Humble professeur de musique dans un collège, Joe Gardner semble avoir décroché la lune : il va pouvoir enfin réaliser son rêve en accompagnant sur scène un quartet de jazz renommé. Mais une mauvaise chute l’entraîne tout droit dans le « grand avant », sorte de purgatoire cotonneux où, sur un malentendu, une âme en devenir lui est confiée.

Le sourire pointe dès les premières notes volontairement éraillées du fameux générique disneyen. Pas facile de garder son sérieux et la foi éducative face à des élèves qui n’ont pour seule aspiration que d’être ailleurs. Alors qu’on lui offre la sécurité de l’emploi, Monsieur Gardner craint de se perdre s’il opte pour cette facilité. Mais son destin funèbre l’arrête sur le chemin d’un esprit éthéré qui se refuse de naître. Numéro 22, le réfractaire, n’en est pas à son premier mentor poussé au désespoir : Lincoln et Jung se sont arraché barbe et moustache, Marie-Antoinette en a perdu la tête, quant à Gandhi, comme Mère Teresa, il ne l’a pas supporté. Confronté à ce « no body », Joe va-t-il réussir à recouvrer son corps ?  
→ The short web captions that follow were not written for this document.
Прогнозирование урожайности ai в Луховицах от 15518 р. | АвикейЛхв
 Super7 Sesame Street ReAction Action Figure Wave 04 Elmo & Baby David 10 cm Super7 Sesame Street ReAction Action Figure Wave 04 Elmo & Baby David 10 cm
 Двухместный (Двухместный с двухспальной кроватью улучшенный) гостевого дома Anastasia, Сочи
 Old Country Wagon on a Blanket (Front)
Dans un mélange musical, poétique et philosophique très convaincant, Pixar s’interroge sur l’existence : Y a-t-il une vie après la mort ? Une vie avant la vie ? A quoi je sers ? Passion, vocation ou ambition suffisent-ils pour me combler ? Et si je me contentais d’être un chat ? Samare et tranche de pizza ont-elles un sens ? Des réponses qu’un guide ou une main tendue pourraient inspirer. 

Cet « âme stram gram » aux graphismes chatoyants et confortables rappelle beaucoup les sentiments de Vice versa,autre grande réussite du studio éclairé. La préadolescente est devenue un homme qui se cherche encore. Redite ou plagiat plutôt que continuité médiront certains. Pourquoi hésiter devant une telle rhapsodie en couleurs qui nous encourage à en savourer chaque minute ? Pour son 25e anniversaire, Pixar souffle une bougie étincelante qui n’aura malheureusement pas l’honneur de réchauffer les écrans de cinéma. La souris aux grandes oreilles n’est plus qu’un rat.